What you need to know
AOP Alsace Gewurztraminer is named after the varietal used to make the wine. Alsace Gewurztraminer is closely related to savagnin and grows in small clusters of small, pink, and thick-skinned grapes. It first came to the region in the Middle Ages and accounts for 20% of Alsace’s vineyards. “Gewurz” means spicy, and “traminer” is the name of a varietal. The semi-continental climate, with its cold winters, sunny fall seasons, and limited precipitation, offers the gewurztraminer grape ideal growing conditions. The wine is produced on almost all of the vineyards in Alsace. The wine’s label indicates whether or not it is made from Grand Cru grapes. These terroirs were established by the INAO in 2011 based on precise climatological and geological criteria.
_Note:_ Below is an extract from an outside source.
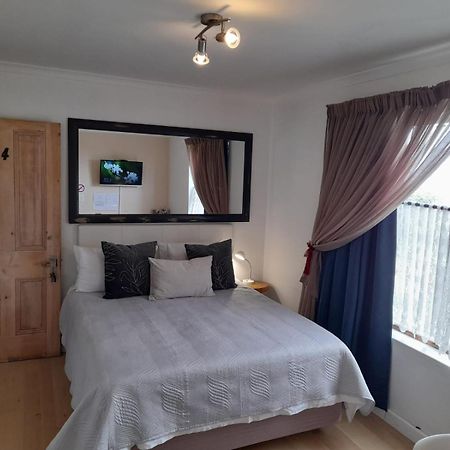 Fijnbos Guesthouse クニスナ エクステリア 写真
The grapes are primarily used to make dry wines that are incredibly aromatic. In fact, no fewer than 500 different aromatic compounds have been identified in this type of wine. The “vendange tardives” designation refers to grapes that are allowed to over-ripen and are harvested late. This causes sugar to concentrate in the grapes, which are then used to make dessert wine. Sélection de Grains Nobles refers to grapes that are gradually harvested after they become affected by noble rot (botrytis cinerea). These sweet wines are even more aromatic and extremely refined.
How to use
Tasting Tips AOC Alsace Gewurztraminer
Opt for a footed wine glass that narrows near the top to concentrate the aromas. This type of wine is often enjoyed over happy hour, but it also pairs well with a number of Alsatian specialties, including foie gras, as well as richly spiced international dishes.